Qu’a-t-il vu de ses yeux, qu’a-t-il entendu en confession pour vivre ainsi toute une vie sous le soleil de Satan ? Combien de viols, d’incestes, de grossesses cachées, d’enfants mort-nés, avortés ou étranglés noyés avant d’avoir vu le jour, combien de meurtres, de suicides, de vols, de trahisons, d’abominations, de haine pure, de violences ordinaires, combien de crimes, combien d’atrocités ? Combien de Mouchettes suicidées pour n’avoir commis que le crime de naître dans une société scélérate ? Le saint curé d’Ars en a tant vu, entendu, soupçonné, senti, pressenti, percé à jour qu’il faut bien la basilique monstrueuse qui domine Ars-sur-Formans pour les racheter, œuvre du même architecte que la basilique de Fourvière. La ferveur des Lyonnais est gigantesque à moins que ce soit leurs péchés qu’il convient d’enfermer dans la pierre. Ars-sur-Formans n’est pas loin de Lissieu (vingt kilomètres à peine) et saint Jean-Baptiste Viannay le lointain cousin de mes anciens voisins de la Buchette,Viannay comme eux et comme eux originaires de Dardilly d’une famille paysanne. Ars-sur-Formans c’est là qu’il exerça son ministère et confessa pendant 41 ans jour après jour.
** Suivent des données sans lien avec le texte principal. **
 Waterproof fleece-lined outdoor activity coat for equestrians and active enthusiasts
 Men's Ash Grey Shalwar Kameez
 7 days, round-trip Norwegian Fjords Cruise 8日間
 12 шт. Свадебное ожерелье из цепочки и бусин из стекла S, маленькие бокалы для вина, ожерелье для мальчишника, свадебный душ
Contemporain de Balzac, né plus tôt (en 1786) et mort plus tard (en 1859), il a connu plus encore que Balzac les bouleversements de la société. Il a tout connu, de la révolution à l’avènement du second empire, et même l’enrôlement dans l’armée de Napoléon dans la guerre d’Espagne dont il déserta. Comme Balzac il a connu la morgue des puissants et la puissance de l’argent (mais le donnait et savait toujours où en chercher, contrairement à Balzac qui en manquait toujours et ne savait où le trouver) et il croyait aux femmes. Aux femmes simples pas aux dames. C’est à ces pauvres filles de la campagne qu’il fit confiance pour être les premières institutrices de son école de filles. C’est bien avant la mort du saint curé d’Ars que le pèlerinage à Ars sur Formans commença et fut un temps le premier pèlerinage de France devant Lourdes. Et c’est sans doute la ferveur populaire plus que sa connaissance des écritures (il fut toujours considéré comme inculte par sa hiérarchie) et ses miracles (largement mis en doute) qui conduisit à sa béatification en 1905, puis à sa canonisation en 1925.
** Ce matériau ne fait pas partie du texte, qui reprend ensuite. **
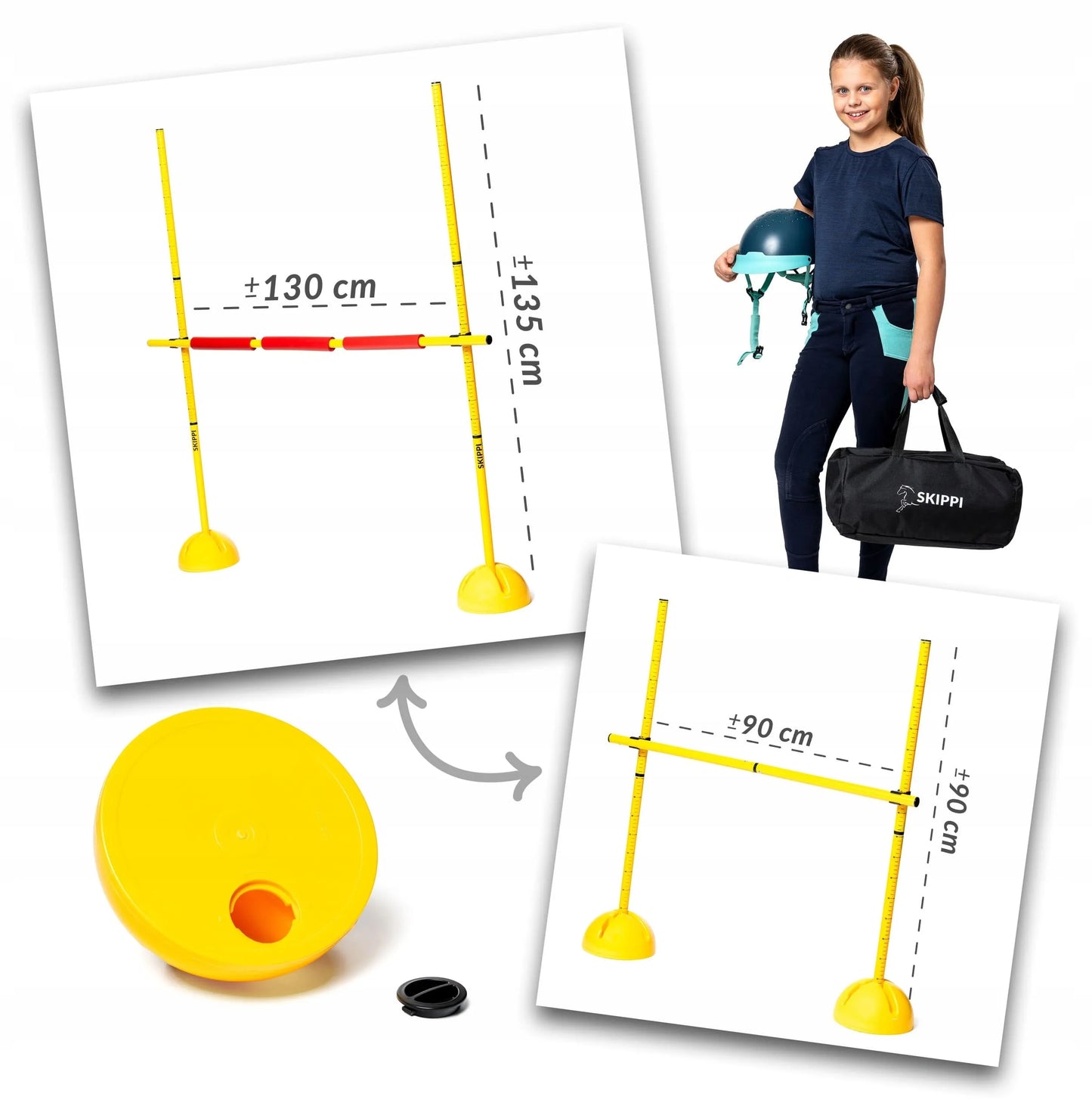 Skippi kliūtis šokinėjimui su „Hobby Horse“ arkliuku, 135 cm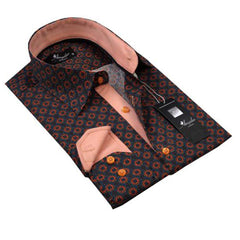 Black Blue Orange Mens Slim Fit Designer Dress Shirt - tailored Cotton Shirts for Work and Casual Wear - Amedeo Exclusive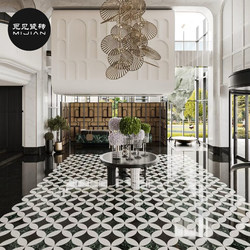 Nordic Glossy All-Ceramic Black and White Tiles 600X600 Hotel Guesthouse Restaurant Clothing Store Tiles Cafe Floor Tiles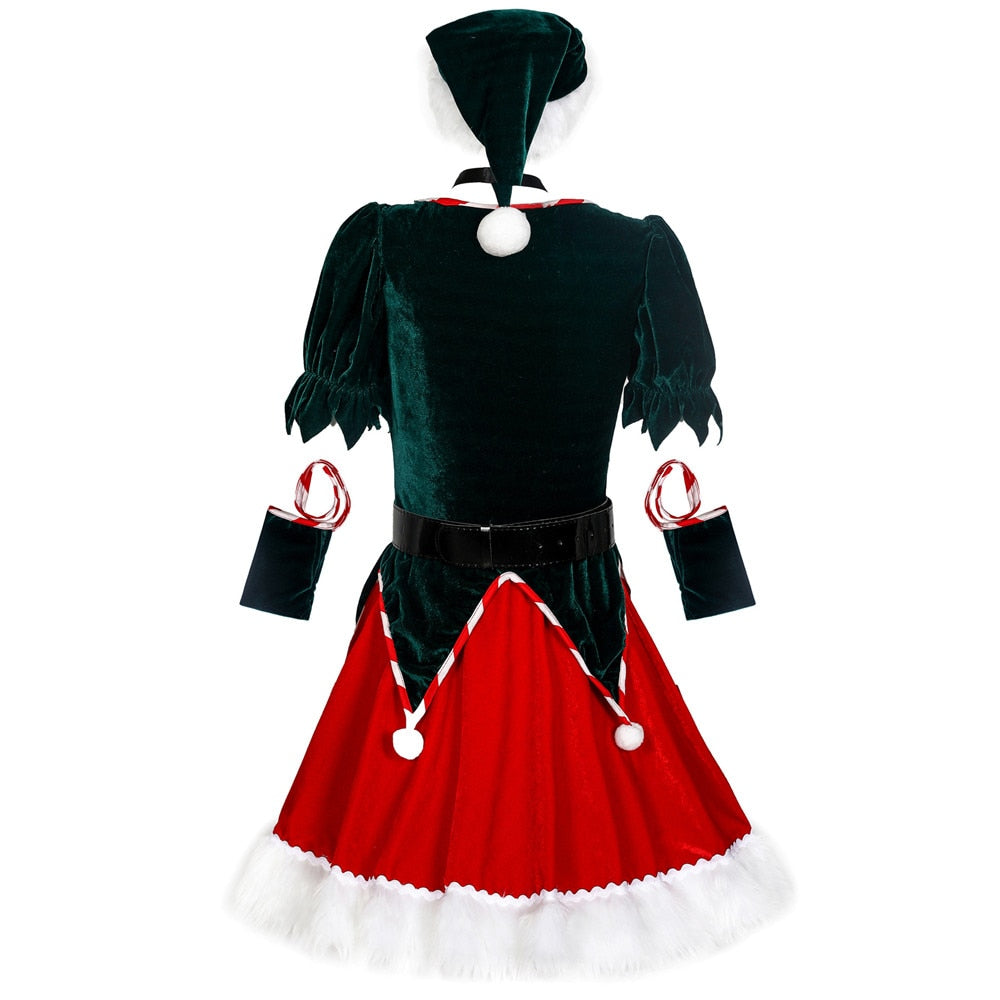 Christmas Santa Claus Costume Funny Green Elf Cosplay 5Pcs Set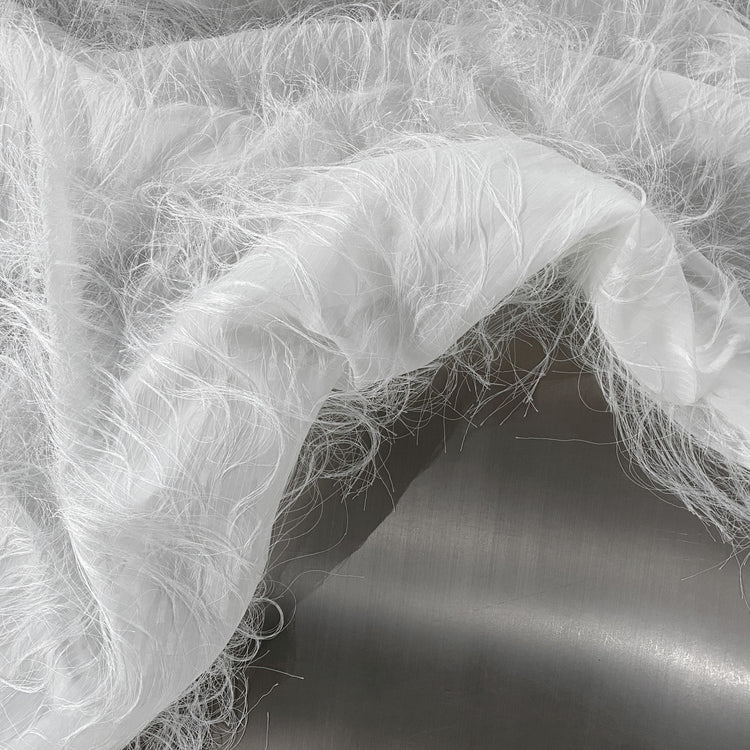 Long Tasseled Dobby Weave - White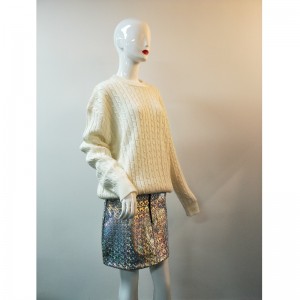 SWEATER CABLE BLANC RLWS0022F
Le saint curé d’Ars est bien oublié aujourd’hui même si le pèlerinage connaît encore une certaine affluence, mais que nous disent le succès du livre de Bernanos paru en 1926 après la Première Guerre mondiale et la palme d’or attribuée au film de Pialat en 1986 ? Année aussi de la visite du pape à Ars sur Formans et du bicentenaire de la naissance du saint. Peut-être pas uniquement. Peut-être cela veut-il dire aussi qu’on a toujours besoin de ceux qui regardent la vérité en face et n’ont pas peur de la dire quoiqu’il leur en coûte à leur santé ou à leur hiérarchie.
Le curé d’Ars n’a pas de rue à Lissieu. Quelques églises lui sont consacrées de par le monde. C’est au Québec qu’il a servi à nommer des villages qui ont connu une bien triste fin : Saint-Jean Vianney près de Saguenay est village disparu après un gigantesque glissement de terrain en 1971 et Frontenac placé sous sa protection est tout proche de Lac Mégantic victime de la plus grande catastrophe ferroviaire de l’histoire du Canada en 2013.
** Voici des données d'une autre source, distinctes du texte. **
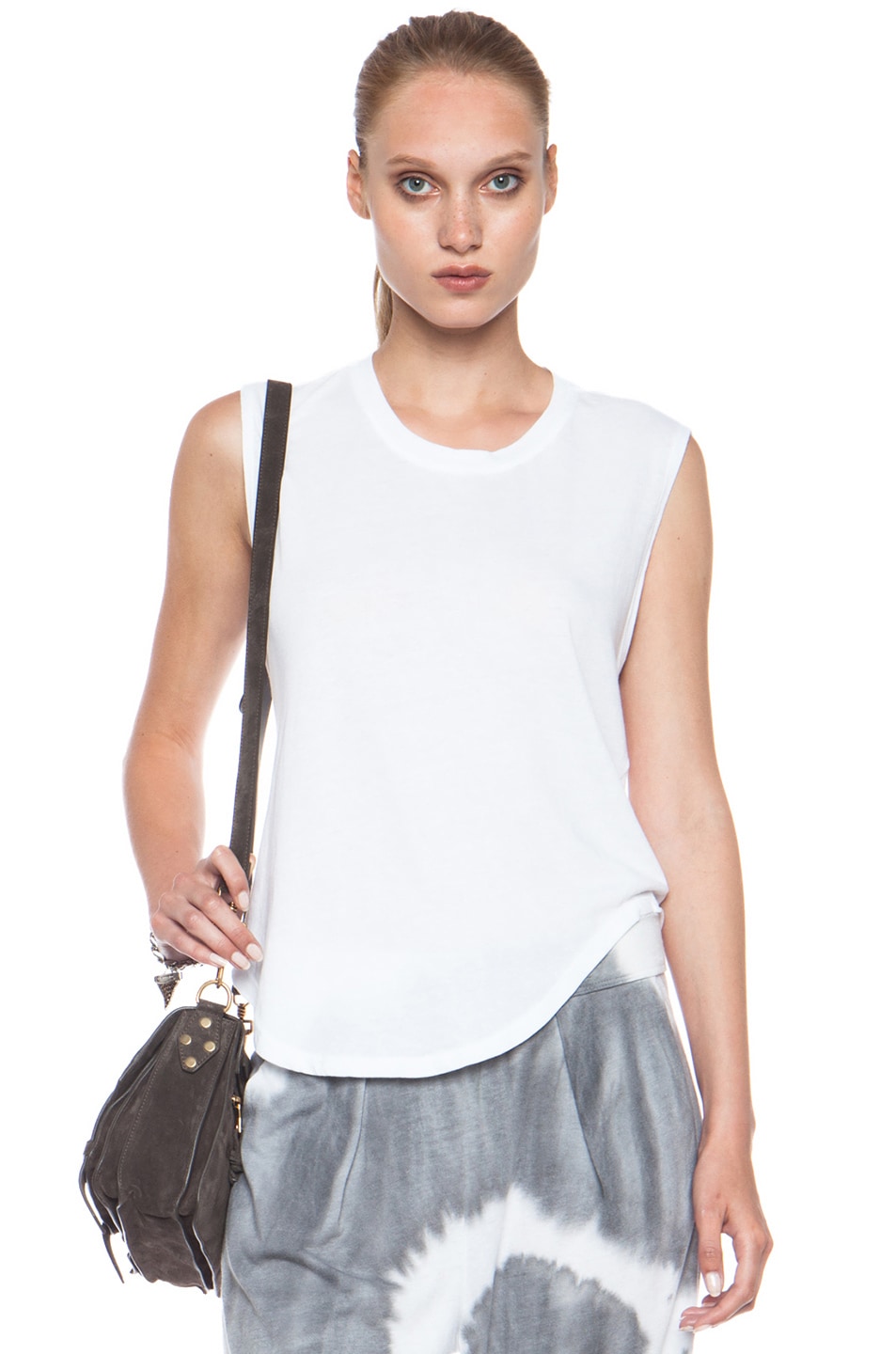 Image 1 of Raquel Allegra Muscle Cotton-Blend Tee in White
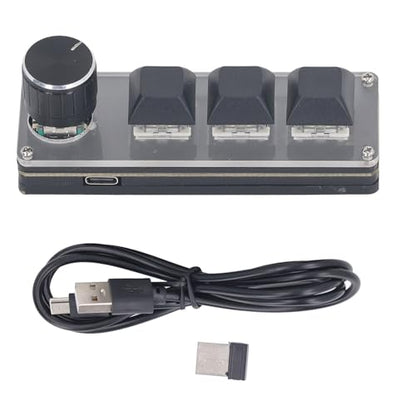 VINGVO Macro Keyboard, Programmable Mini Keyboard 3 Key USB 2.4G Programmable Keypad Customisable Knob with Mode Connection for Office Work, Gaming, Media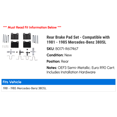 thumbnail image 2 of Rear Brake Pad Set - Compatible with 1981 - 1985 Mercedes-Benz 380SL 1982 1983 1984, 2 of 2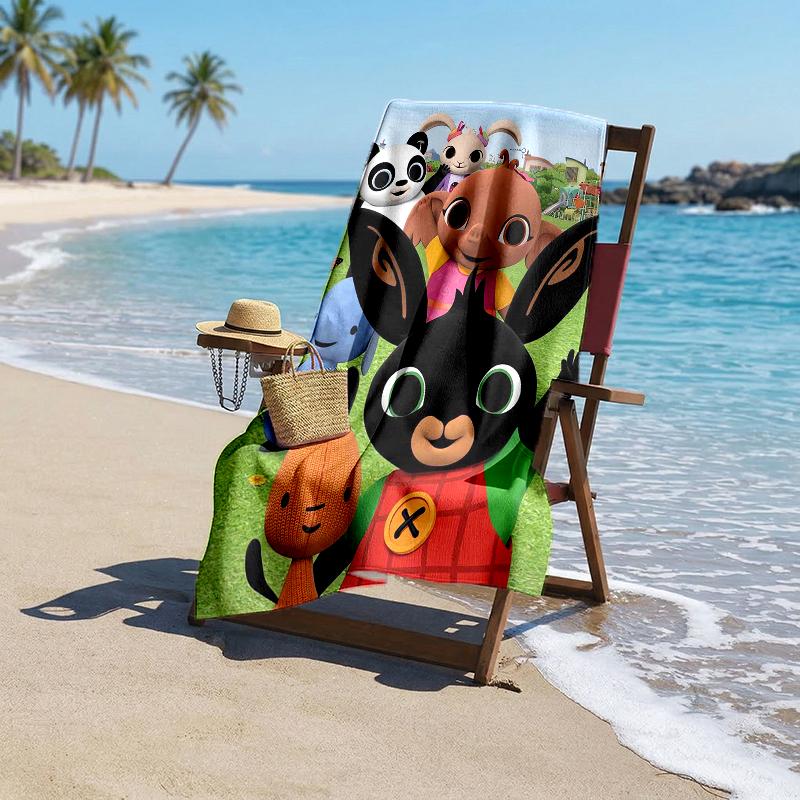 Bunny Fashion Beach Towel: Ideal for Summer Adventures Soft, Absorbent and Quick Drying Suitable for Swimming and Bathing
» Peut-être cela veut-il dire aussi qu’on a toujours besoin de ceux qui regardent la vérité en face et n’ont pas peur de la dire quoiqu’il leur en coûte à leur santé ou à leur hiérarchie. »
Merci Danièle pour cette pensive excursion sous le soleil de Satan. Je me souviens d’une angoisse térébrante éprouvée lorsque nos parents nous ont plantés sans explications dans la chambre du curé d’Ars,en précisant toutefois en nous laissant ( pas assez de place dans la chambre) que c’était bien le lit qui avait brûlé sous la signature de Satan. Je crois avoir passablement cauchemardé la nuit suivante. Ma crédulité s’est amenuisée depuis.
Je te comprends, cette momie, cette vénération macabre ont qqch de macabre et je n’ai aucune envie de visiter la maison du curé à Dardilly ni la basilique.
Merci, j’en sais plus grâce à vous sur le curé d’Ars que je ne connaissais que de nom
Je n’en connaissais pas grand chose moi non plus avant de faire des recherches. Et il est vraiment un lointain cousin de mes anciens voisins.